## Provided material
= = = =
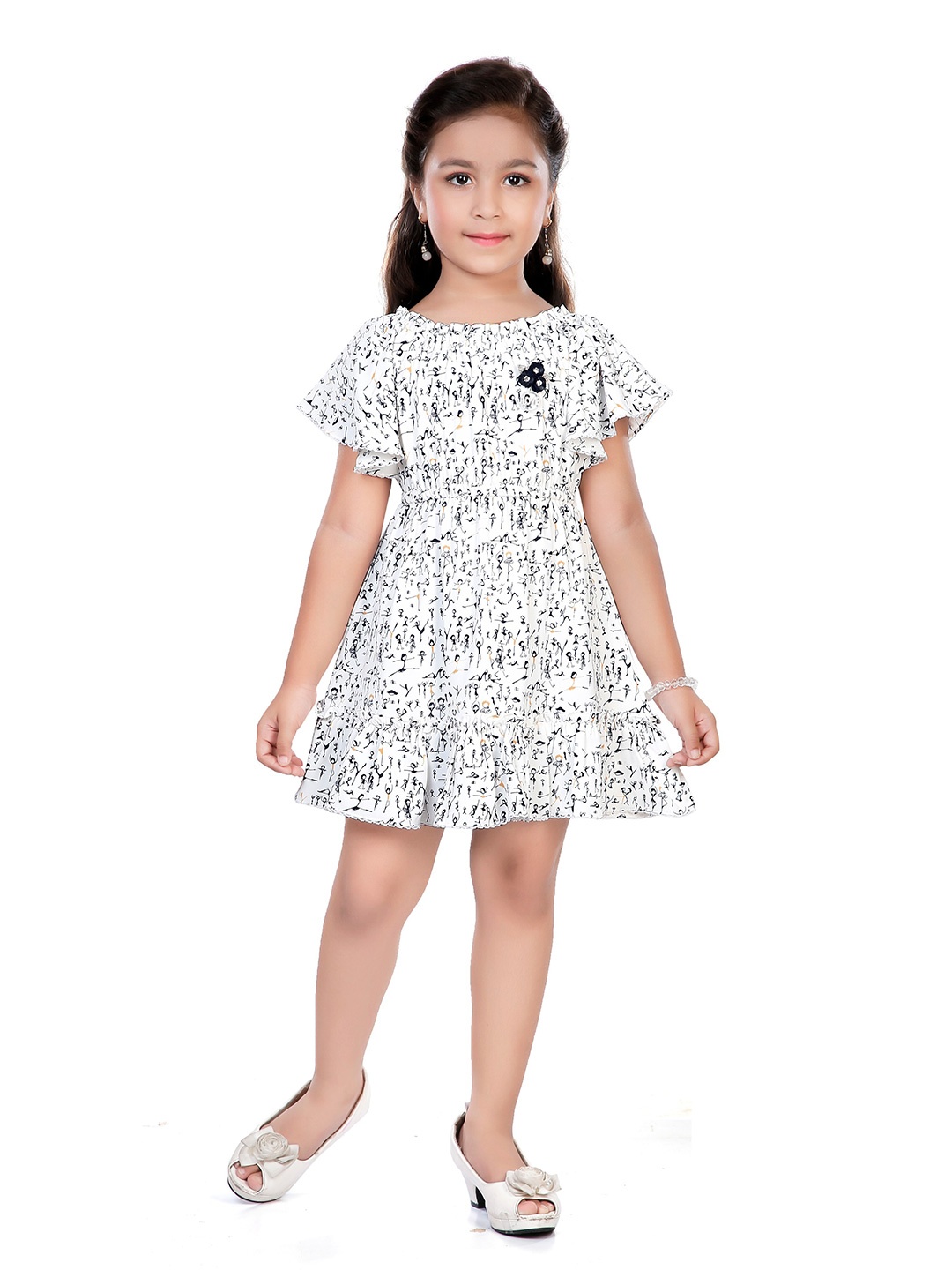 

Hunny Bunny Girls Yellow & Black Dress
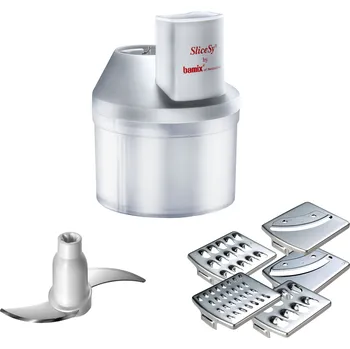Krouhač/kráječ zeleniny SLICESY, multifunkční, světle šedá, bamix - doprava zdarma od 2999 Kč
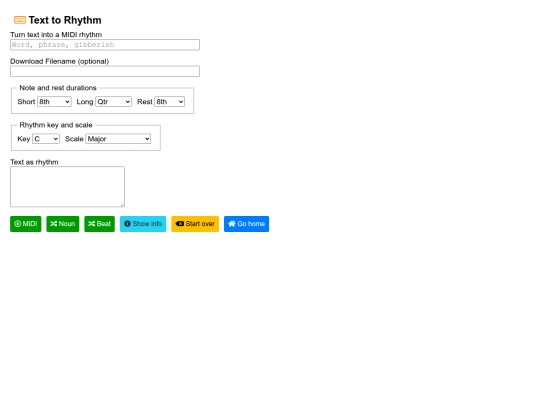 text_to_rhythm screenshot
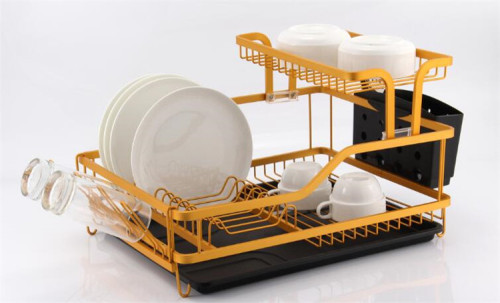 2 tier aluminum dish rack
= = = =
## Activity
Give an exact copy of the material, leaving out every picture.

## Task output
Hunny Bunny Girls Yellow & Black Dress
Krouhač/kráječ zeleniny SLICESY, multifunkční, světle šedá, bamix - doprava zdarma od 2999 Kč
 text_to_rhythm screenshot
 2 tier aluminum dish rack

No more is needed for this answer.